Tuesday, June 10, 2008

ViewPlus: Feeling is More Than Seeing

Friends/

A Remarkle Development: Tactile Reading .

/Gerry

[snip]

What the ViewPlus technology does is to create image files that can be rendered in tactile form (via a tactile touchpad or printed out with an embossing printer) and also in audio (via text-to-speech technology). At the core of this technology is an image format known as SVG (Scalable Vector Graphics). Unlike bitmapped image formats like TIFF and JPEG, SVG is an XML-based format that provides the images as vector graphics (the core of PostScript and PDF) with text and metadata in XML.

The ViewPlus technology does what Dr. Gardner referred to as the "best possible conversion" from any given image format. When the images are already in vector form (for example, as EPS files within a PostScript or PDF file), it converts them to very accessible SVGs.

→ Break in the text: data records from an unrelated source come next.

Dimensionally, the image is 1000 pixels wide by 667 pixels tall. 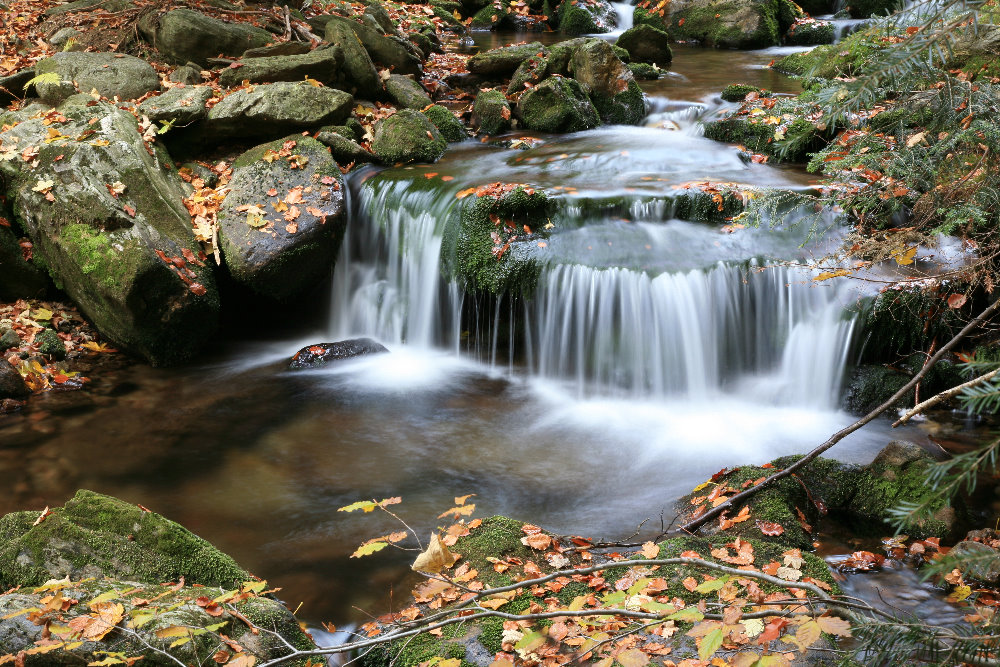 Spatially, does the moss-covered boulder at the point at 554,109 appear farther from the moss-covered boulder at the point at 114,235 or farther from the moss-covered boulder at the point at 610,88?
the moss-covered boulder at the point at 114,235

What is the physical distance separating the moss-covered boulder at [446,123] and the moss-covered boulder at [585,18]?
9.34m

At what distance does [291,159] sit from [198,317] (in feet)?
6.97

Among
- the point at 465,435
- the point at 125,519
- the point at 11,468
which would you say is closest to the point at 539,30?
the point at 465,435

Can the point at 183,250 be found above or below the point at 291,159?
below

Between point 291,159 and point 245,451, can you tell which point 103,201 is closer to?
point 291,159

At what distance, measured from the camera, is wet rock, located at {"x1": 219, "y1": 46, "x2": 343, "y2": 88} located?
991 centimetres

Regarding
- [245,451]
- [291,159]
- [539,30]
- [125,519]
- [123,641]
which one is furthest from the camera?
[539,30]

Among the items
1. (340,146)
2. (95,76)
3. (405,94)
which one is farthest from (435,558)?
(405,94)

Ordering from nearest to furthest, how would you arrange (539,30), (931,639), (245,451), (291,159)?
1. (931,639)
2. (245,451)
3. (291,159)
4. (539,30)

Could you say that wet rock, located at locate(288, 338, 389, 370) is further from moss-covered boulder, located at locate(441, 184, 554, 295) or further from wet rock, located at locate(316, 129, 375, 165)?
wet rock, located at locate(316, 129, 375, 165)

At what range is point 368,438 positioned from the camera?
20.8 feet

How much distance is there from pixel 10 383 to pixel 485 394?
4283mm

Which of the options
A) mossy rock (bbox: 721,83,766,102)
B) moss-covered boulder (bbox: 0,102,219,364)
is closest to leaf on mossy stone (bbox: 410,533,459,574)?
moss-covered boulder (bbox: 0,102,219,364)

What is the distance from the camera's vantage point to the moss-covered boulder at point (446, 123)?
1052 centimetres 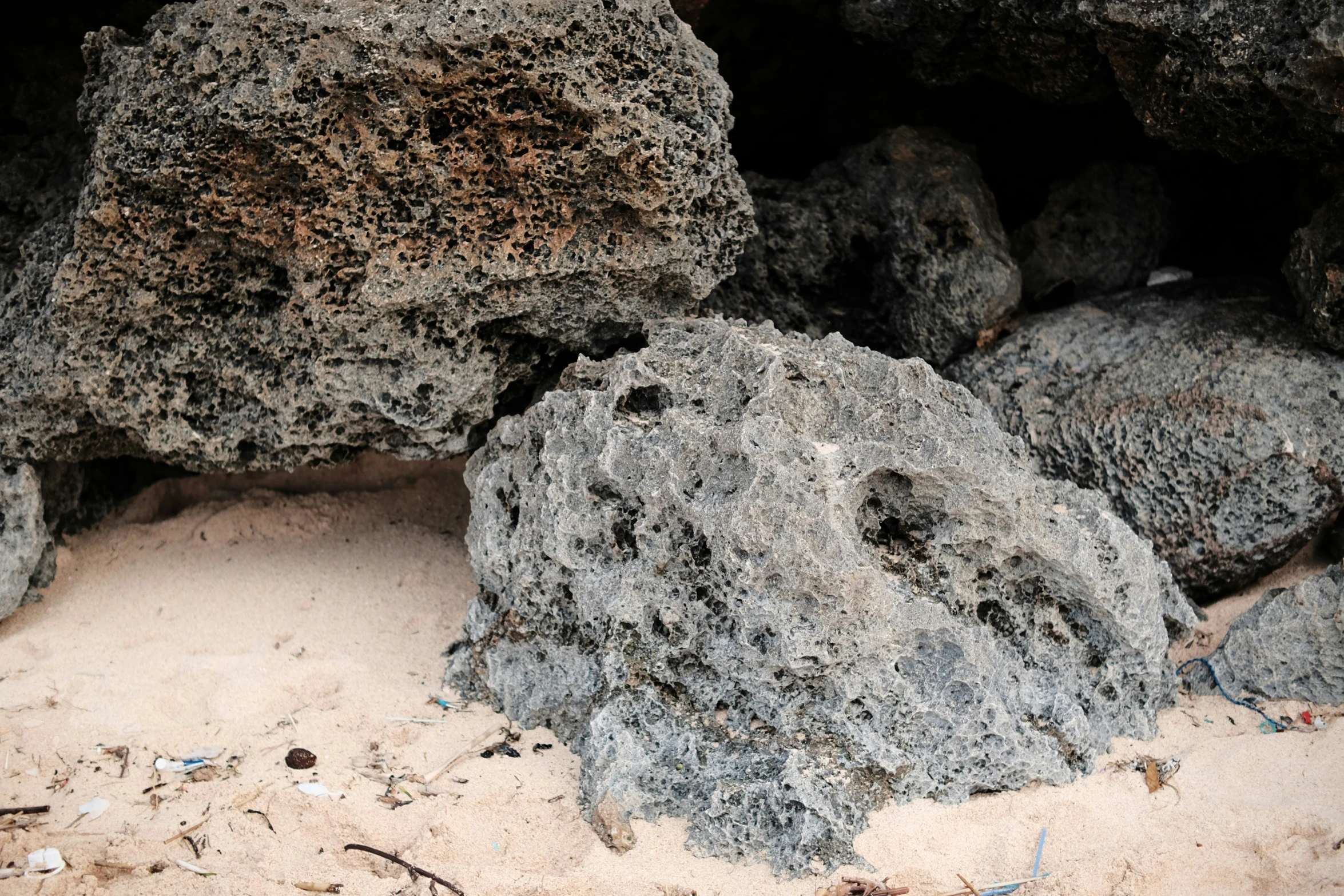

When dealing with the more common TIFF or JPEG files, the software detects and OCRs the text (including labels within the graphics) and does the best it can with the image file. But having done so, it enables the software—or the user—to infer information about that graphic information. In fact, the next version of the ViewPlus software will enable authoring, so that users can add descriptive information to the SVG file.

The benefits to the print-disabled user are obvious. Dr. Gardner demonstrated how a graph that was otherwise inaccessible to a print-disabled user was made meaningful: He could feel the slopes of the various lines on the graph, and as he did so, the software read labels describing the lines, including the values of datapoints, as he touched them.

The most electrifying moment of Gardner's presentation came when he pointed out how excited his sighted physicist colleagues were when they saw this demonstrated with a graphic. What the ViewPlus software had done with that image was nothing less than adding the semantics that takes it from being "dumb" to dynamic data. Imagine a whole collection of such images in which a researcher could use a computer to search for certain patterns, values, and features and do comparisons or calculations on them.

This is Tim Berners-Lee’s vision of the Semantic Web: information that a computer can understand. Not just store, find, and deliver, but understand.

[snip]

Source

[http://sspnet.org/News/ViewPlus_Makes_Images_Accessible/news.aspx]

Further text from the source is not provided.